I just don’t think that’s a fair transition. I agree completely that very few people (maybe no one) were free of class prejudice in Georgian England. (But then, the same is probably true of modern America.) But unless you’re going to argue we should get rid of social class altogether and redistribute the wealth, which this author doesn’t seem to be doing, saying that having servants was unprogressive seems to me to completely ignore the reality of 18th (and 19th) century life.
1. They didn’t have vacuum cleaners, dishwashers, washing machines, microwaves, sewing machines, central heating, food processors, electric lighting, or much in the way of processed/prepared food. Very, very few people had any kind of indoor plumbing.
Maintaining even a small middle-class family home was a full-time job for more than one person. Doing without servants entirely would have meant turning the women of the household into unpaid drudges who worked every minute they weren’t sleeping and slept five hours a night. How progressive!
Even women who had servants spent huge amounts of time in household chores. Even the Lucas girls in Pride and Prejudice (a VERY upper-middle-class home, with presumably more servants than most) helped in the kitchen (or so Mrs.
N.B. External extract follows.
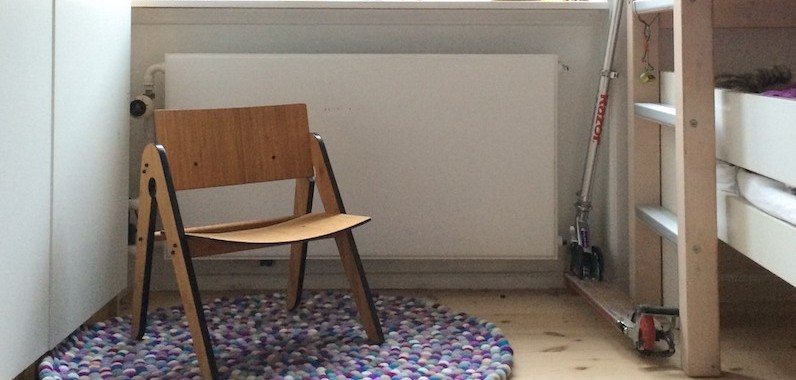 Ruggit kugletæppe designet af boligcious Maria Fynsk Norup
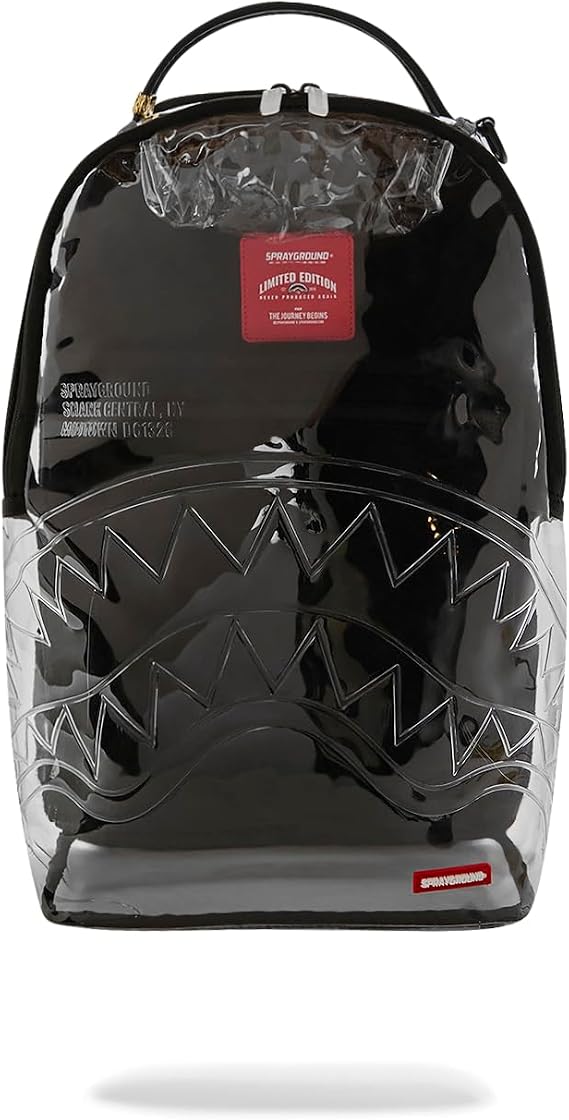 Sprayground SHARK CENTRAL - CLEAR BACKPACK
Bennet says with some degree of plausibility, even if she’s being catty).
2. Domestic service was a huge part of the economy. Not employing servants meant depriving working-class people of jobs without, as far as I can see, empowering them in the slightest.
3. There’s no connection between employing servants or not and supporting mass education or not. Servants can go to school as children just like anyone else.
Anyway. Sorry, awesome biography author! I do love your book.